* Required work:
Please print out every entry below, verbatim.

* Recorded information:
=====
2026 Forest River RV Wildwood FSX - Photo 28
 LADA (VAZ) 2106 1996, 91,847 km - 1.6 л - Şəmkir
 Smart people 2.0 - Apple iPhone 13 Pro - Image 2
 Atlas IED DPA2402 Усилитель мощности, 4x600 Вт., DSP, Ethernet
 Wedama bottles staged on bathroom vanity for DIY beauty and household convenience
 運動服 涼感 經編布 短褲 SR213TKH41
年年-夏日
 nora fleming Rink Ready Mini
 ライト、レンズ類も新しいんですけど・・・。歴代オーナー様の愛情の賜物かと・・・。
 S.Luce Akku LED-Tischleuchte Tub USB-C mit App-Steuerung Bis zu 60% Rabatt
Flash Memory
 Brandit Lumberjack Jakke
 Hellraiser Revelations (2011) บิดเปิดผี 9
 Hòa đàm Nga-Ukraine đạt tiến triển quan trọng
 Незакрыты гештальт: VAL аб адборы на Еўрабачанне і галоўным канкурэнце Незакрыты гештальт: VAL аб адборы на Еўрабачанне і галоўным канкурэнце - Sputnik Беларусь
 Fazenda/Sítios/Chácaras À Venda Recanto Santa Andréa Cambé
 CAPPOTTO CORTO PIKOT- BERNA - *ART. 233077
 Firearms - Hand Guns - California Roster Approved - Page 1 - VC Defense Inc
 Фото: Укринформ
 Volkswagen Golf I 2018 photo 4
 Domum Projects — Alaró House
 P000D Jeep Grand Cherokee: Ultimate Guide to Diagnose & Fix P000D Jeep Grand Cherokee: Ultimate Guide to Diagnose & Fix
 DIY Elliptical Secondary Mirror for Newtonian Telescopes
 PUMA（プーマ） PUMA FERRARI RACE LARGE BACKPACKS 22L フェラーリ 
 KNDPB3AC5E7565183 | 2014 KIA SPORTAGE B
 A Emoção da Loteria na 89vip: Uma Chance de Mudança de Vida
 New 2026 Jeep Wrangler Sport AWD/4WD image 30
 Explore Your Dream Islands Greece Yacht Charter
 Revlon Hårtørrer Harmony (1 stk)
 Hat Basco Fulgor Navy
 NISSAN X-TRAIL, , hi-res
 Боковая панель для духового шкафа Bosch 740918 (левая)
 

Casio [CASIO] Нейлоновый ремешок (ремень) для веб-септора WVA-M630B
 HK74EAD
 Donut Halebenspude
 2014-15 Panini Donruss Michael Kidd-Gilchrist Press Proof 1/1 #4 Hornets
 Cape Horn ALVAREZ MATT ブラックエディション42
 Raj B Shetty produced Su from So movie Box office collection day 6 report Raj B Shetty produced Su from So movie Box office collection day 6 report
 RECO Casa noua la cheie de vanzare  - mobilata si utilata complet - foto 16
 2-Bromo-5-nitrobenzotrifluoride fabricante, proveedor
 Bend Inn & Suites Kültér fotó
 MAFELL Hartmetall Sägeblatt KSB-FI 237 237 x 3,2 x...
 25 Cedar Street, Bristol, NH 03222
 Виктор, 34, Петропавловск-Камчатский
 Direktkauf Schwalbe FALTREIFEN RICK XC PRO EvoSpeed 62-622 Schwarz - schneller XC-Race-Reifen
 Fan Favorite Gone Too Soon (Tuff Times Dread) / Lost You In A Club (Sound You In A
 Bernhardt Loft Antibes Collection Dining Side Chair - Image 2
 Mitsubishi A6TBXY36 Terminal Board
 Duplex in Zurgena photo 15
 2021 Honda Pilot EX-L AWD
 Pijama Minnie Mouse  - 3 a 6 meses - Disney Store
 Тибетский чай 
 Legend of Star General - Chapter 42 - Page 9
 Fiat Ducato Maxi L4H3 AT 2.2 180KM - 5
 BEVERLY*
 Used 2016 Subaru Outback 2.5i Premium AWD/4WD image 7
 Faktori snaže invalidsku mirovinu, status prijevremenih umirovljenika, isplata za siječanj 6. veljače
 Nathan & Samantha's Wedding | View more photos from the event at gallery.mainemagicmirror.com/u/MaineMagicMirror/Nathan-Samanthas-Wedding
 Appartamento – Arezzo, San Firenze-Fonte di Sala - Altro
=====
* Response to this task:
2026 Forest River RV Wildwood FSX - Photo 28
 LADA (VAZ) 2106 1996, 91,847 km - 1.6 л - Şəmkir
 Smart people 2.0 - Apple iPhone 13 Pro - Image 2
 Atlas IED DPA2402 Усилитель мощности, 4x600 Вт., DSP, Ethernet
 Wedama bottles staged on bathroom vanity for DIY beauty and household convenience
 運動服 涼感 經編布 短褲 SR213TKH41
年年-夏日
 nora fleming Rink Ready Mini
 ライト、レンズ類も新しいんですけど・・・。歴代オーナー様の愛情の賜物かと・・・。
 S.Luce Akku LED-Tischleuchte Tub USB-C mit App-Steuerung Bis zu 60% Rabatt
Flash Memory
 Brandit Lumberjack Jakke
 Hellraiser Revelations (2011) บิดเปิดผี 9
 Hòa đàm Nga-Ukraine đạt tiến triển quan trọng
 Незакрыты гештальт: VAL аб адборы на Еўрабачанне і галоўным канкурэнце Незакрыты гештальт: VAL аб адборы на Еўрабачанне і галоўным канкурэнце - Sputnik Беларусь
 Fazenda/Sítios/Chácaras À Venda Recanto Santa Andréa Cambé
 CAPPOTTO CORTO PIKOT- BERNA - *ART. 233077
 Firearms - Hand Guns - California Roster Approved - Page 1 - VC Defense Inc
 Фото: Укринформ
 Volkswagen Golf I 2018 photo 4
 Domum Projects — Alaró House
 P000D Jeep Grand Cherokee: Ultimate Guide to Diagnose & Fix P000D Jeep Grand Cherokee: Ultimate Guide to Diagnose & Fix
 DIY Elliptical Secondary Mirror for Newtonian Telescopes
 PUMA（プーマ） PUMA FERRARI RACE LARGE BACKPACKS 22L フェラーリ 
 KNDPB3AC5E7565183 | 2014 KIA SPORTAGE B
 A Emoção da Loteria na 89vip: Uma Chance de Mudança de Vida
 New 2026 Jeep Wrangler Sport AWD/4WD image 30
 Explore Your Dream Islands Greece Yacht Charter
 Revlon Hårtørrer Harmony (1 stk)
 Hat Basco Fulgor Navy
 NISSAN X-TRAIL, , hi-res
 Боковая панель для духового шкафа Bosch 740918 (левая)
 

Casio [CASIO] Нейлоновый ремешок (ремень) для веб-септора WVA-M630B
 HK74EAD
 Donut Halebenspude
 2014-15 Panini Donruss Michael Kidd-Gilchrist Press Proof 1/1 #4 Hornets
 Cape Horn ALVAREZ MATT ブラックエディション42
 Raj B Shetty produced Su from So movie Box office collection day 6 report Raj B Shetty produced Su from So movie Box office collection day 6 report
 RECO Casa noua la cheie de vanzare  - mobilata si utilata complet - foto 16
 2-Bromo-5-nitrobenzotrifluoride fabricante, proveedor
 Bend Inn & Suites Kültér fotó
 MAFELL Hartmetall Sägeblatt KSB-FI 237 237 x 3,2 x...
 25 Cedar Street, Bristol, NH 03222
 Виктор, 34, Петропавловск-Камчатский
 Direktkauf Schwalbe FALTREIFEN RICK XC PRO EvoSpeed 62-622 Schwarz - schneller XC-Race-Reifen
 Fan Favorite Gone Too Soon (Tuff Times Dread) / Lost You In A Club (Sound You In A
 Bernhardt Loft Antibes Collection Dining Side Chair - Image 2
 Mitsubishi A6TBXY36 Terminal Board
 Duplex in Zurgena photo 15
 2021 Honda Pilot EX-L AWD
 Pijama Minnie Mouse  - 3 a 6 meses - Disney Store
 Тибетский чай 
 Legend of Star General - Chapter 42 - Page 9
 Fiat Ducato Maxi L4H3 AT 2.2 180KM - 5
 BEVERLY*
 Used 2016 Subaru Outback 2.5i Premium AWD/4WD image 7
 Faktori snaže invalidsku mirovinu, status prijevremenih umirovljenika, isplata za siječanj 6. veljače
 Nathan & Samantha's Wedding | View more photos from the event at gallery.mainemagicmirror.com/u/MaineMagicMirror/Nathan-Samanthas-Wedding
 Appartamento – Arezzo, San Firenze-Fonte di Sala - Altro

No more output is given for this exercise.